Berechnung des Spritpreises irreführend

22.04.2022, 12:42 (CEST)

Die zuletzt sehr hohen Spritpreise bereiten vielen Autofahrern Sorge. Einige sehen bei der Regierung Handlungsbedarf und monierten, diese unternehme zu wenig gegen die «Wucherpreise». In sozialen Medien verbreitete Rechnungen, was ein Liter Benzin ohne Steuern etwa kosten würde, sind allerdings irreführend. So hieß es etwa zuletzt in einem Facebook-Posting (hier archiviert), der Liter Benzin würde ohne Steuern statt zwei Euro nur 60 Cent kosten. «Der Staat ist das Problem», wird geschlussfolgert.

Bewertung

In Österreich lag der Steueranteil für Benzin im Jahresdurchschnitt 2021 bei 54 Prozent.
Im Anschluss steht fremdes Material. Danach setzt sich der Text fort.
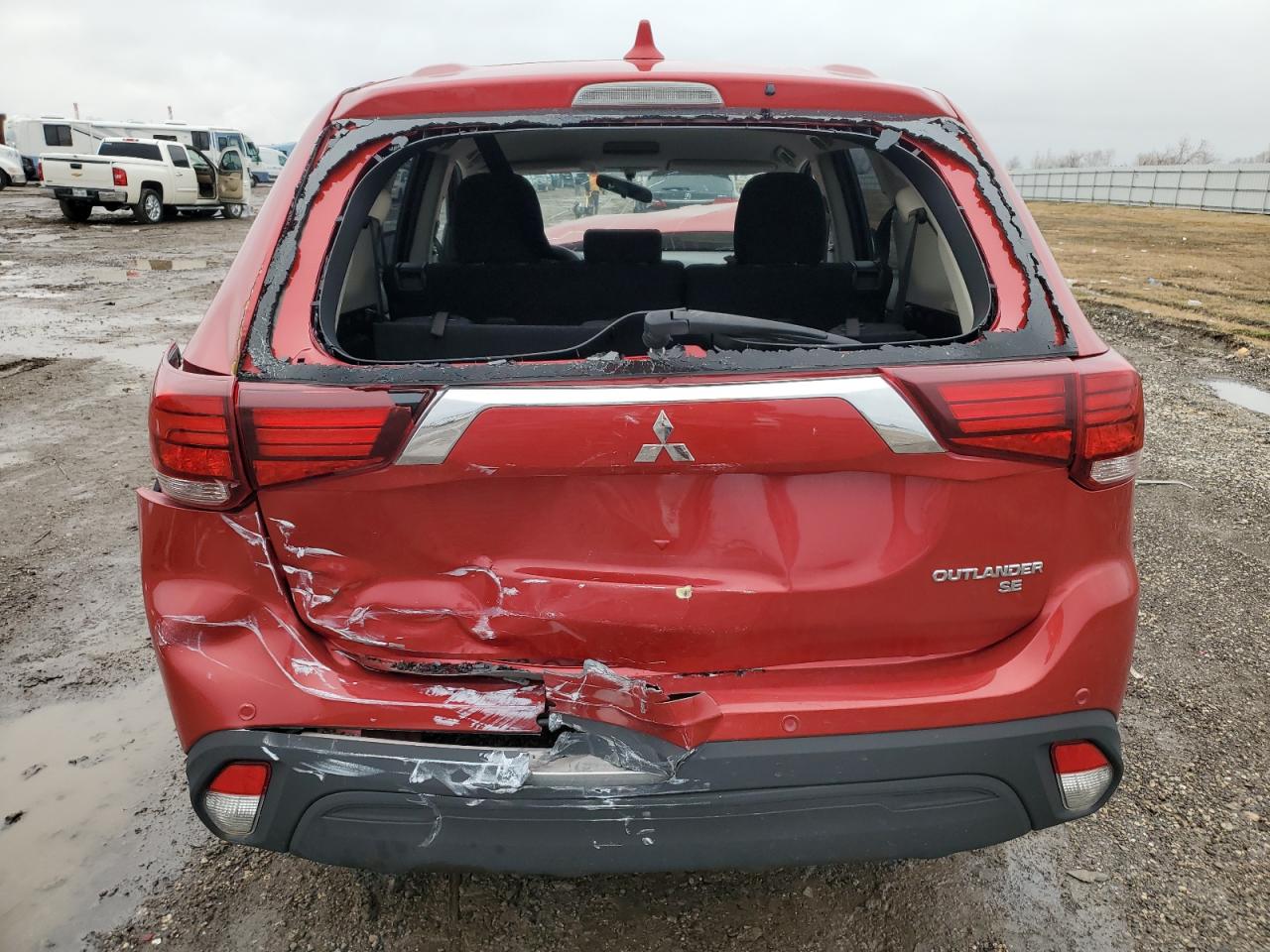 2019 Mitsubishi Outlander - Image 6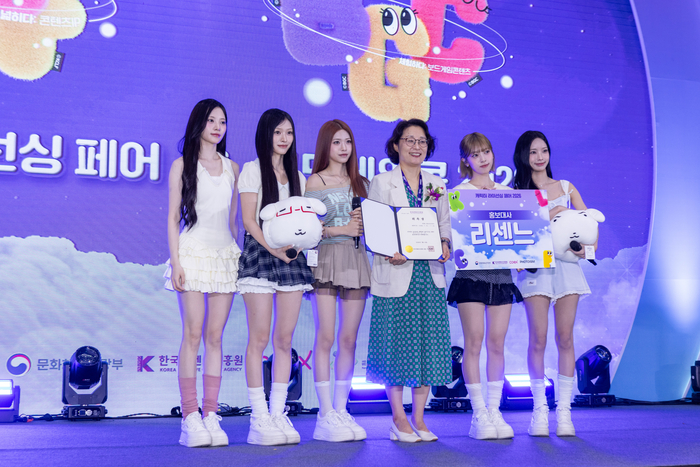 김윤지 콘진원장이 16일 개막식 후 캐릭터 라이선싱 페어 홍보대사로 선정된 '리센느'와 기념촬영을 하고 있다. [콘진원 제공]
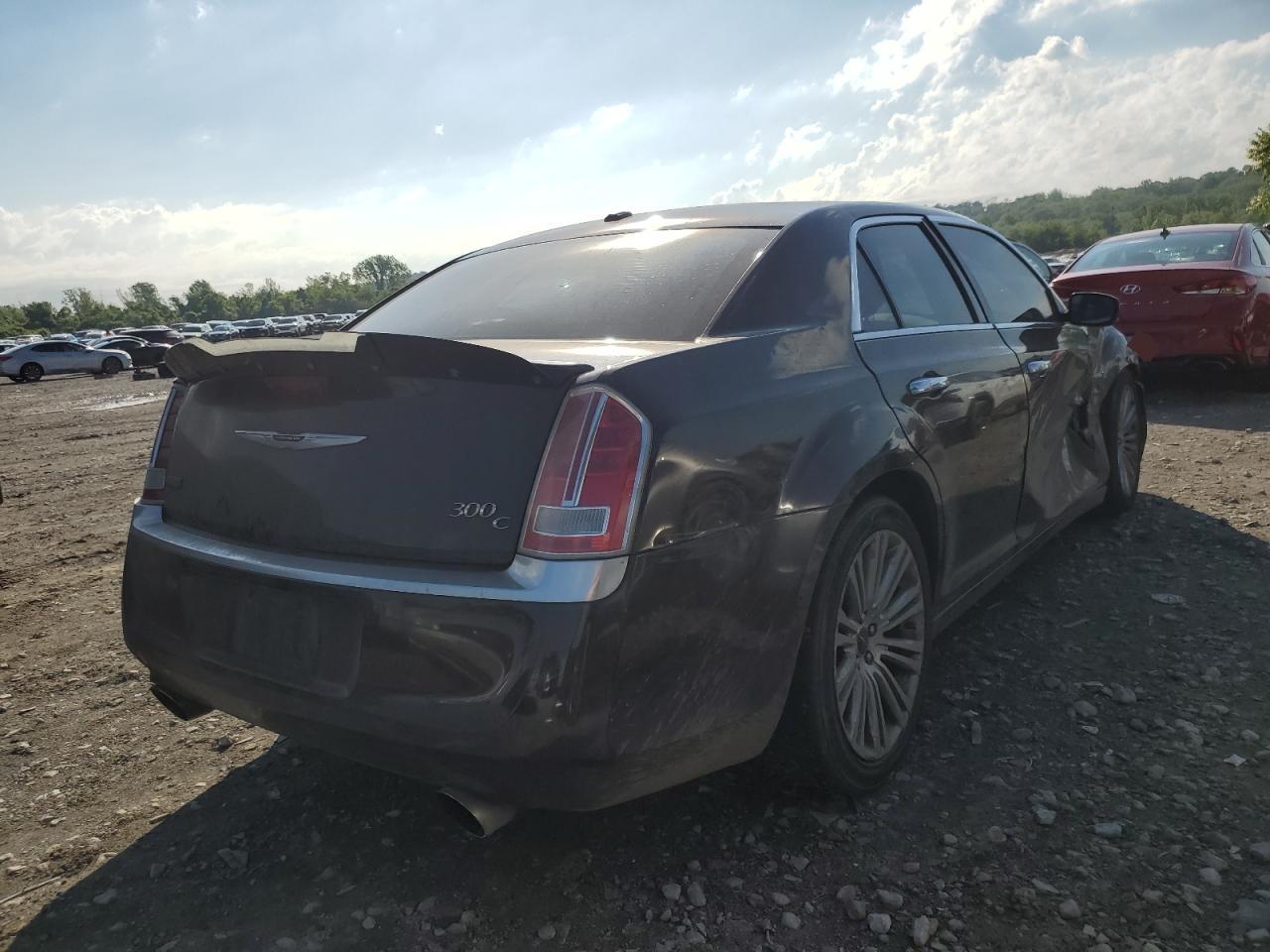 2012 Chrysler 300C Luxury - Image 3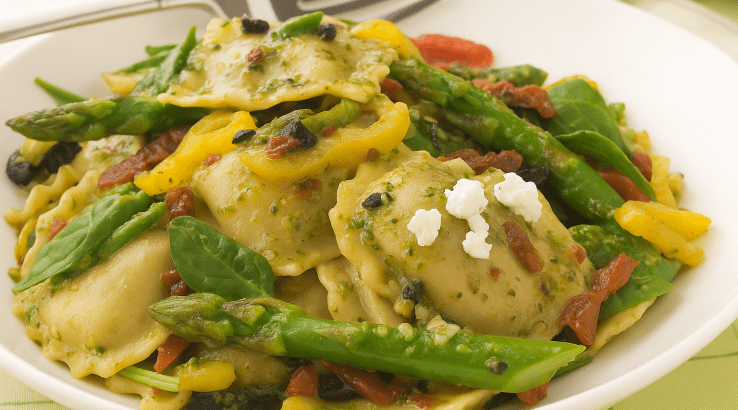 сніданок із равіолі та спаржею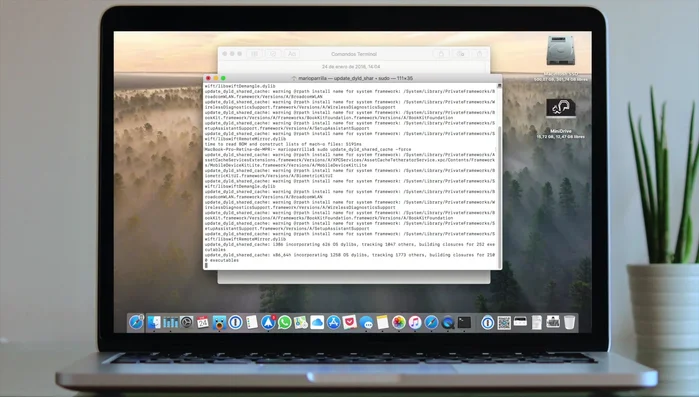 Espera a que la segunda limpieza de caché termine. Esto puede tardar varios minutos (en el vídeo se muestra que tarda aproximadamente 2 minutos). No cierres la Terminal hasta que veas el nombre de tu equipo y usuario al final.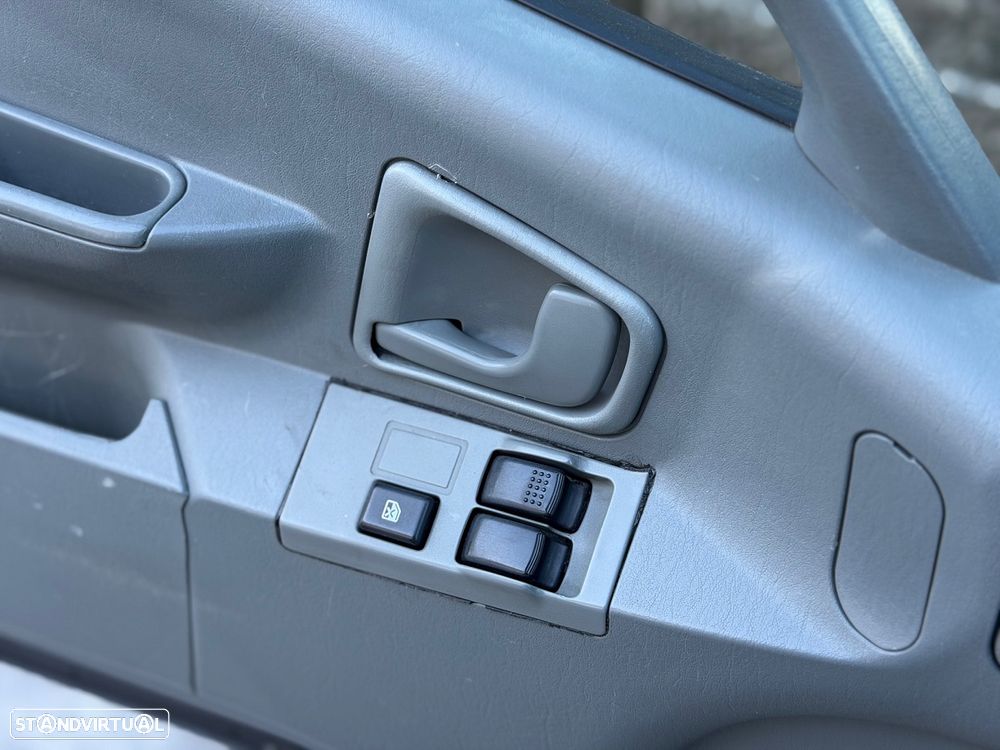 Mitsubishi Canter 3.0 D-ID 3L - 11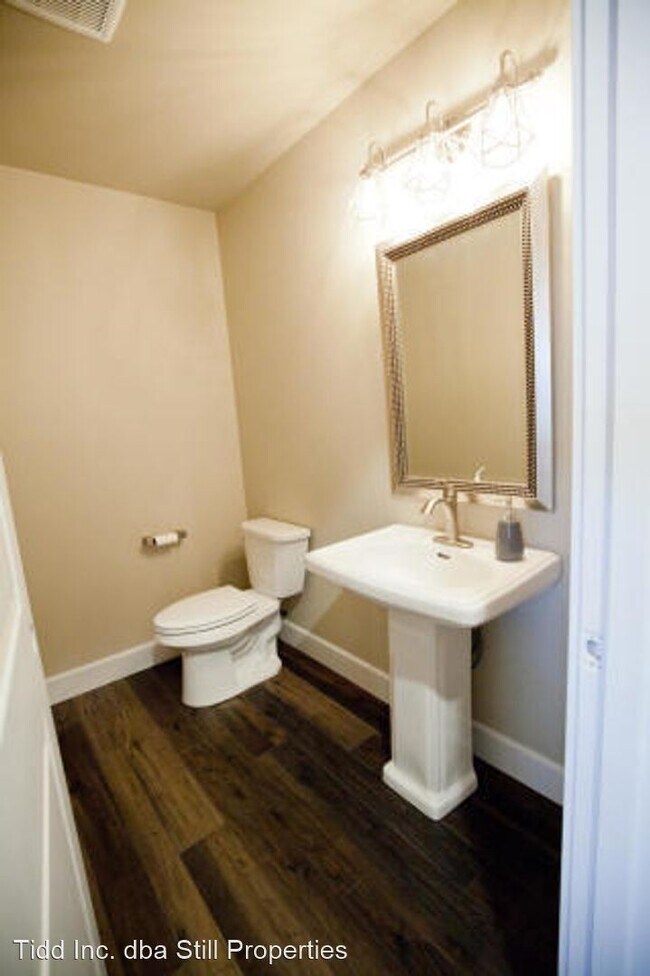 Building Photo - 3 br, 2.5 bath House - 112 A Vineyard Lane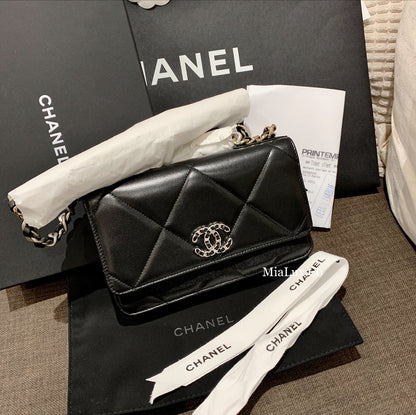 *現貨*CHANEL 19 WOC 經典19小羊皮鏈包-黑銀釦/3430 🉐138200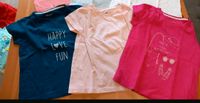 3 Mädchen T-shirts Vertbaudet Größe 98 Nordrhein-Westfalen - Kreuzau Vorschau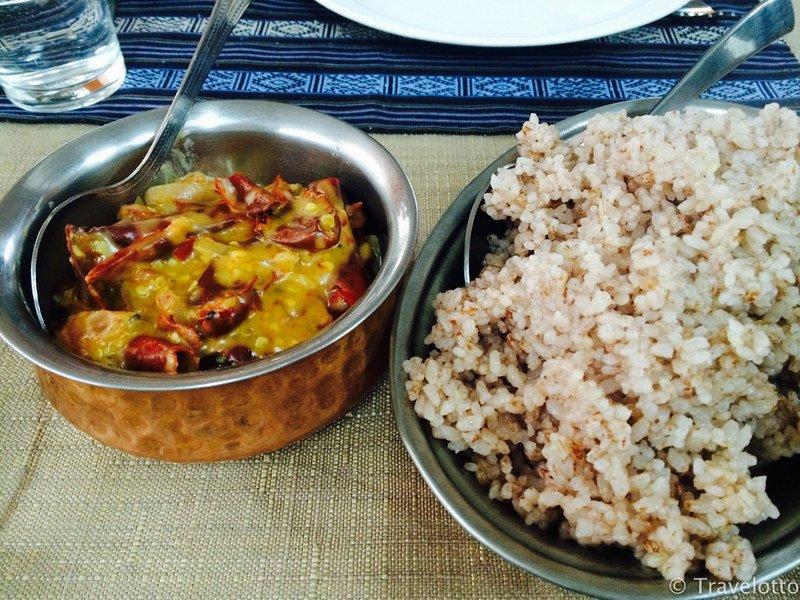 Ema datse, makanan khas di Bhutan.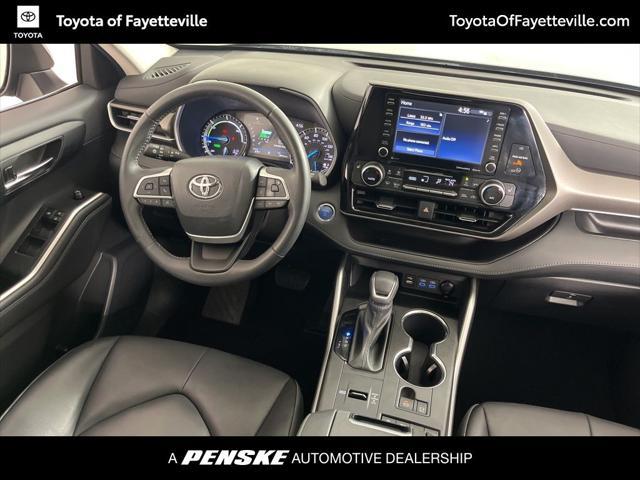 used 2022 Toyota Highlander Hybrid car, priced at $39,997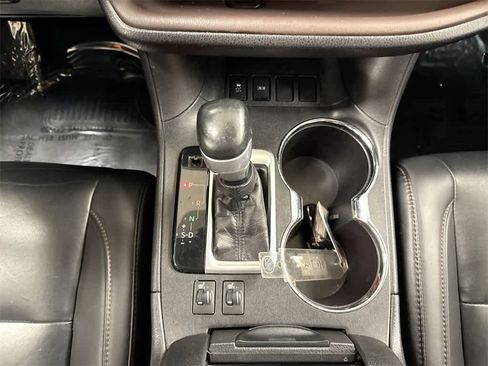 Used 2019 Toyota Highlander XLE image 35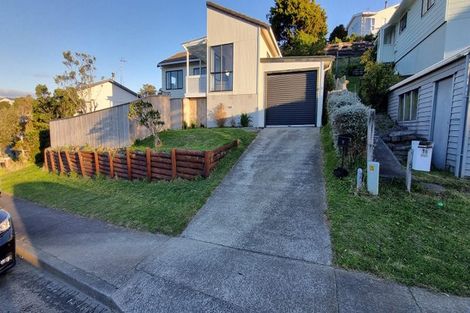 Photo of property in 11 Fernhaven Grove, Newlands, Wellington, 6037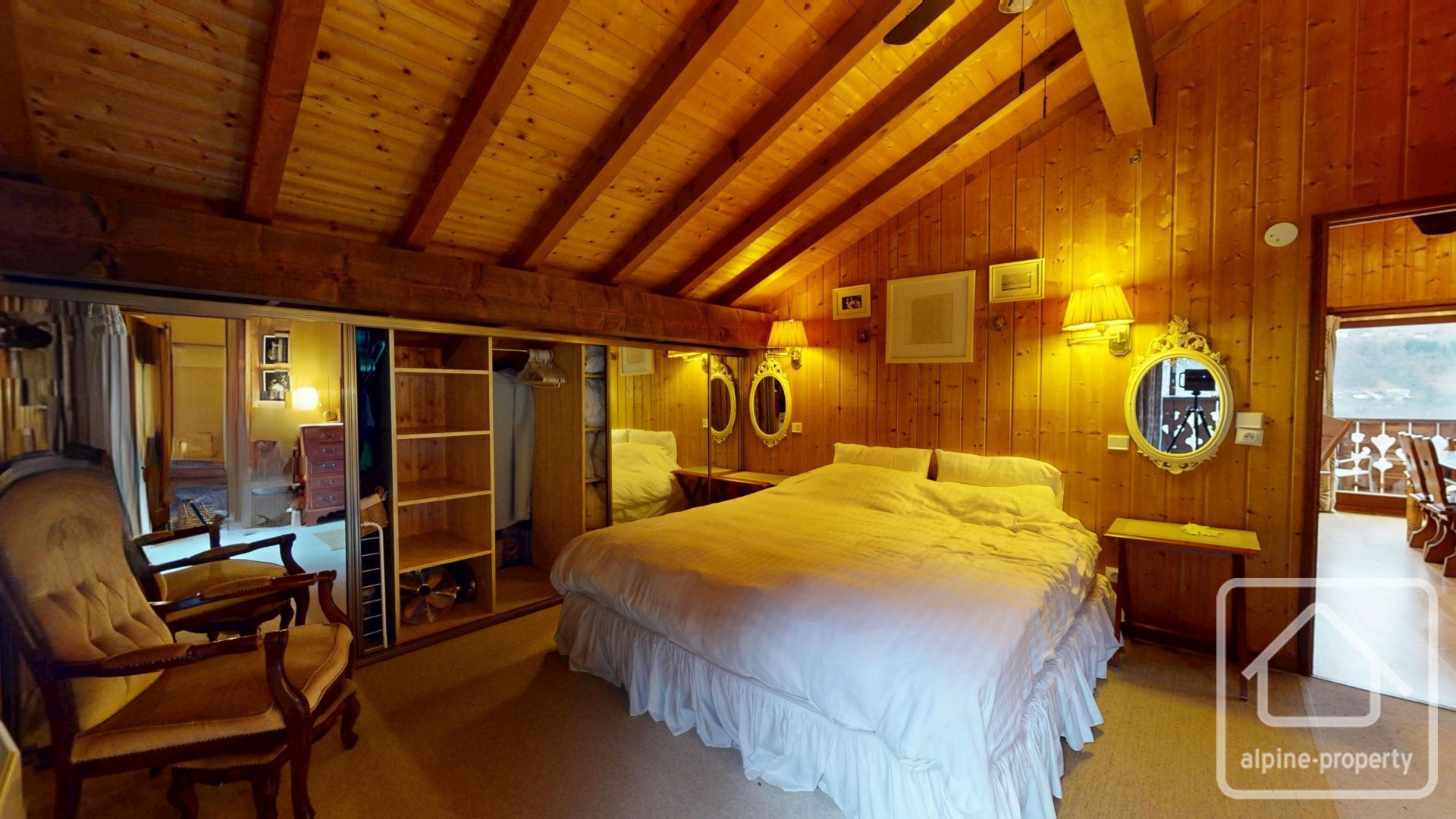 A Property In A Peaceful Setting With Generous Living Space Across Three Apartments, Ideal For Family And/or Rental Use. – TRELACHAUD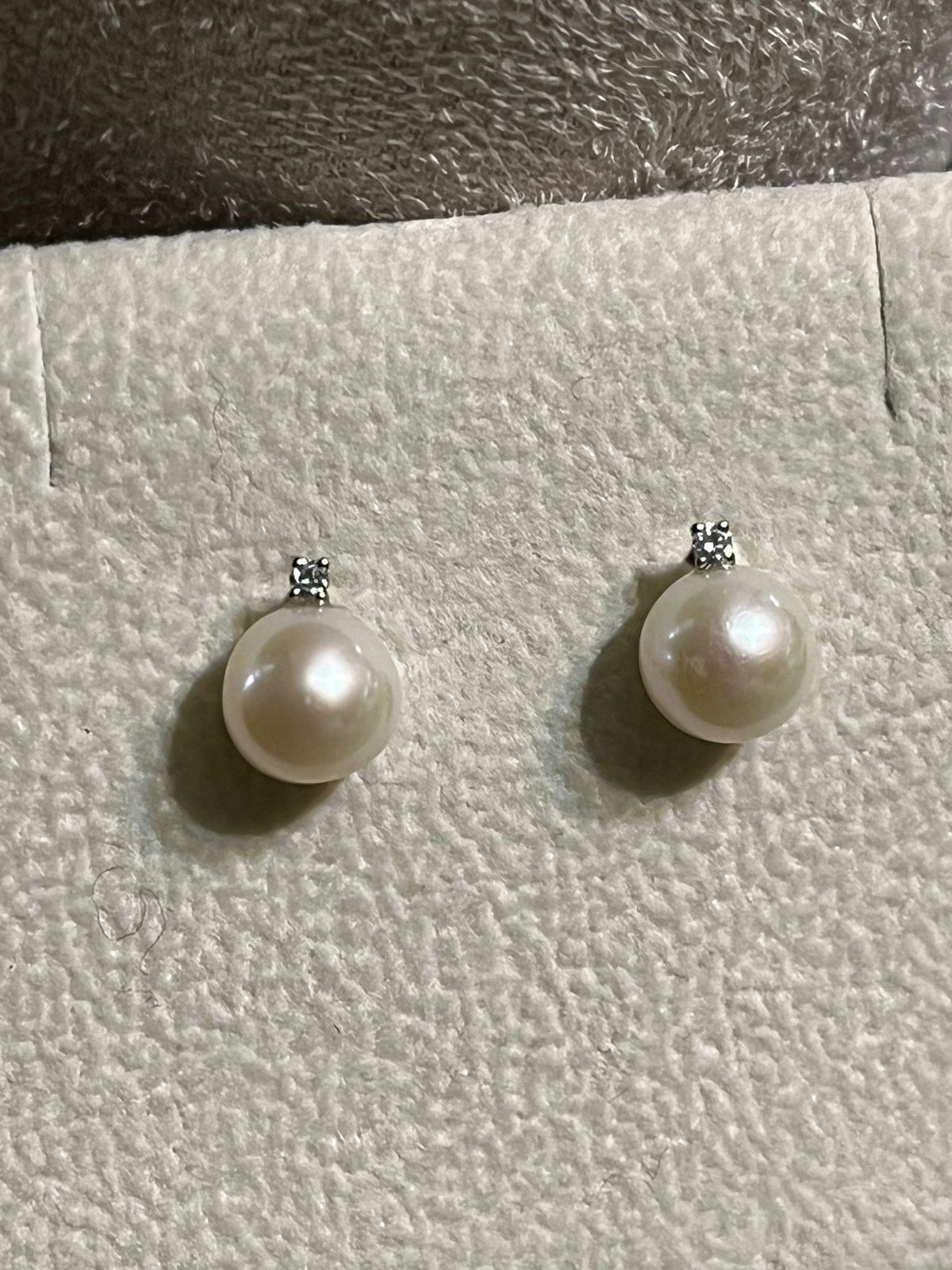 Orecchini con Perle Akoya 8mm e Diamanti 0,02 ct G VS in Oro Bianco 18kt – PG Gioielli (OR1L/8)
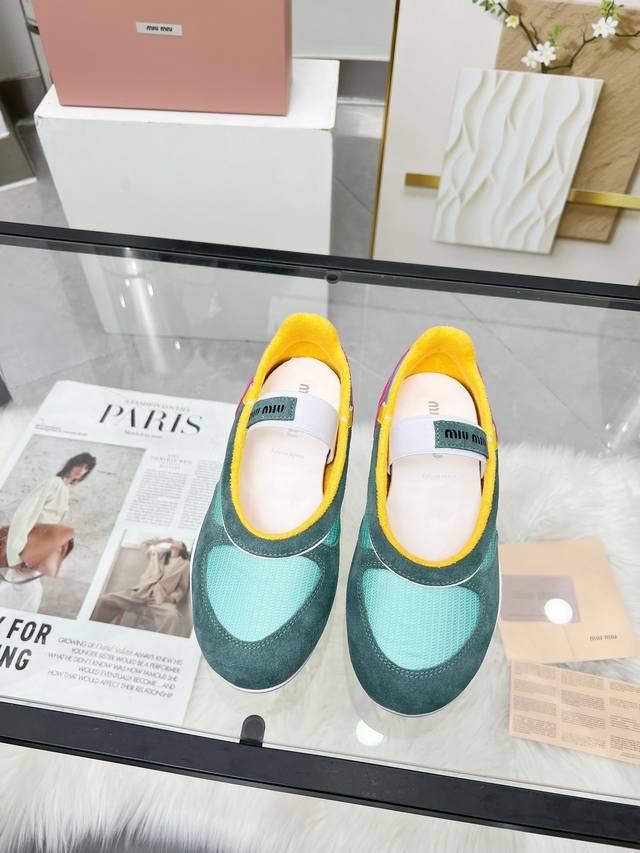 实价 Miumiu 缪缪 休闲小白鞋，美到心坎上啦！柔软的真皮材质，触感细腻，亲肤舒适。 独特的设计，时尚又百搭，无论是搭配牛仔裤还是裙子，都能轻松驾驭。 Si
Die Besteuerung hat sich seither nicht verändert.

Fakten

Die Spritpreise setzen sich zum einen aus dem Produktpreis und einem Gewinnaufschlag, zum anderen aus der Mineralölsteuer (MöSt) und der Mehrwertsteuer (MwSt) zusammen, wie der ÖAMTC informiert. Für einen Liter Diesel liegt die MöSt in Österreich demnach bei 39,7 Cent und für einen Liter Benzin bei 48,2 Cent. Es handelt sich dabei um einen Fixbetrag, der immer in der gleichen Höhe anfällt - egal wie hoch der Spritpreis gerade ist.

Der Mehrwertsteuersatz beträgt grundsätzlich 20 Prozent. Steigt der Nettopreis – also Produktpreis und Gewinnaufschlag – erhöhen sich auch die Steuerabgaben, da diese immer einen Prozentanteil des Preises in die Staatskasse spülen.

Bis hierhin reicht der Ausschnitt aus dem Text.